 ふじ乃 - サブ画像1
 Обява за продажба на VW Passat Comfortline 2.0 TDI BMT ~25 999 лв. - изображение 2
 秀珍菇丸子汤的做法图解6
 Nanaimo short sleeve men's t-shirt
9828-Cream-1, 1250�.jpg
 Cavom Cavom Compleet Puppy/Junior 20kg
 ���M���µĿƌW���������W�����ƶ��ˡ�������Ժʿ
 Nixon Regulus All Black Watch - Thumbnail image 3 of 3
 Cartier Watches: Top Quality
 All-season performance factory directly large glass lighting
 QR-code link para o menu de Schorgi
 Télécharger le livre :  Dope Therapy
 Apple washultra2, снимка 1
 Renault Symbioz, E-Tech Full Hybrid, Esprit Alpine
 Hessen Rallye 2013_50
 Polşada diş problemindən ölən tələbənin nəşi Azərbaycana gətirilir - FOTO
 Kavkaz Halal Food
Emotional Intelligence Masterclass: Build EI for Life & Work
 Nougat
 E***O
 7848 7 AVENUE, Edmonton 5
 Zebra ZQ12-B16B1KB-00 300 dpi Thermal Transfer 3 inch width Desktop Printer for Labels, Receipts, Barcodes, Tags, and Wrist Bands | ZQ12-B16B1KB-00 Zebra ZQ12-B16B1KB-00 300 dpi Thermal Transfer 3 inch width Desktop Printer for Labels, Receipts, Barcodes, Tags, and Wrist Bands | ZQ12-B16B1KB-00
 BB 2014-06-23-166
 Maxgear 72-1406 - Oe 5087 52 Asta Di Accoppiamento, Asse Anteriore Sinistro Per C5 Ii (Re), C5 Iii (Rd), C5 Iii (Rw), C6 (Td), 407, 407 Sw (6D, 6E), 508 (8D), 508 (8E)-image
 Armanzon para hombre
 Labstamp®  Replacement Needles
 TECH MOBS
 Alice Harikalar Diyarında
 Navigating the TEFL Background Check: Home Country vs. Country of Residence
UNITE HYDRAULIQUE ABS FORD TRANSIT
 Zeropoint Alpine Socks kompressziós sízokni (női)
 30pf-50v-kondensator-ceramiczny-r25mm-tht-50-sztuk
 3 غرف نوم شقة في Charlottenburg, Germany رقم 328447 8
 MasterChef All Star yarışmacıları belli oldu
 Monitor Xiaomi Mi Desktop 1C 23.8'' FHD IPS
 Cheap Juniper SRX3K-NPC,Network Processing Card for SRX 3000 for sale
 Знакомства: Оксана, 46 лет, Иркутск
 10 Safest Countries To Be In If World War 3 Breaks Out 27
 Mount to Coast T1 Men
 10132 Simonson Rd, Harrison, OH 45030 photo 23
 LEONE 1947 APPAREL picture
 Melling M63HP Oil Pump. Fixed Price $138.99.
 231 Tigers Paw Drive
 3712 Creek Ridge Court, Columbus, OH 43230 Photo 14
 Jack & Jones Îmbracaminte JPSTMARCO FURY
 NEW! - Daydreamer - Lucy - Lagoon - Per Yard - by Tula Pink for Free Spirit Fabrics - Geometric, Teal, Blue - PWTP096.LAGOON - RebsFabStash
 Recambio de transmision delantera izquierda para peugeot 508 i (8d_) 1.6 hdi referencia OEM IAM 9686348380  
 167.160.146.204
________________
Wherever the word "Alpine" occurs in the data above, copy the line it sits in.

 Renault Symbioz, E-Tech Full Hybrid, Esprit Alpine
 Zeropoint Alpine Socks kompressziós sízokni (női)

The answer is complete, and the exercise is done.